It has been already laid down that sacred song is the union of music to the words of inspired truth, with the view of its thus becoming an auxiliary in the work of Christian instruction and sanctification.
Before passing on to the approaching details let us stop for a moment fairly to consider the result of this principle as it affects the comparison generally.
Here, on the one hand, we have the Canto Fermo, with its vast variety of music, embracing an equally varied range in the stores of divine revelation, inasmuch as it is the counterpart in song of the entire Ritual; on the other hand we have the works of modern music, of which I am speaking, embracing scarcely more than a fraction of the Ritual.
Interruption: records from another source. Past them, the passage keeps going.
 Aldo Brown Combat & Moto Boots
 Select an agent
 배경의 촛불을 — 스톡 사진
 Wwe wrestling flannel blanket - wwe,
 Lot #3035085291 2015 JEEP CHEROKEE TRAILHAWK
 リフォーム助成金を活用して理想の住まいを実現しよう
With a vast numerical rather than a real variety in point of the one constitutive element of sacred song—viz., music—they are poverty itself as regards the other—viz., inspired truth—the Kyrie, Gloria, Credo, Sanctus, and Agnus Dei, from the Ordinary of the Mass, and a small number of hymns, antiphons, and scattered verses from the Holy Scriptures, in the form of motets, being literally the sum-total of their possession in this element.
And now to carry the comparison into its details. The divine idea of sacred song could not have been known to us without a revelation, the very gift itself being, from its nature, the companion of a revelation. We are not, therefore, as has been remarked in the introduction, thrown upon our own natural powers of speculation either for our general knowledge of the divine idea itself or for gaining an insight into its constituent details; indeed, without revelation this would have been altogether beyond our natural capacities. But since God became man and founded his own society, the Catholic Church, and both taught himself and placed inspired teachers in it to succeed him, the ideas of God as to questions that concern the welfare of his church have, through the Incarnation of the Son, been brought to the level of our capacities, and are to be found in the Scripture and in Christian theology, and are there to be sought for as occasion may require. Thus examined, then, by the light of the Christian revelation, the divine idea of sacred song will, without urging that these are co-extensive with it, admit of being resolved into the ensuing points; the truth of which will be proved separately, as they come forward successively in the course of the comparison. They are as follows:
I. Authority: 1, ecclesiastical; 2, moral.
II. Claim to the completeness and order of a system.
III. Moral fitness: 1, as a sacrificial song; 2, as a song for the offices of the church.
IV. Fitness for passing among the people as a congregational song.
V. Moral influence in the formation of character.
VI. The medium or vehicle for divine truth passing among the people.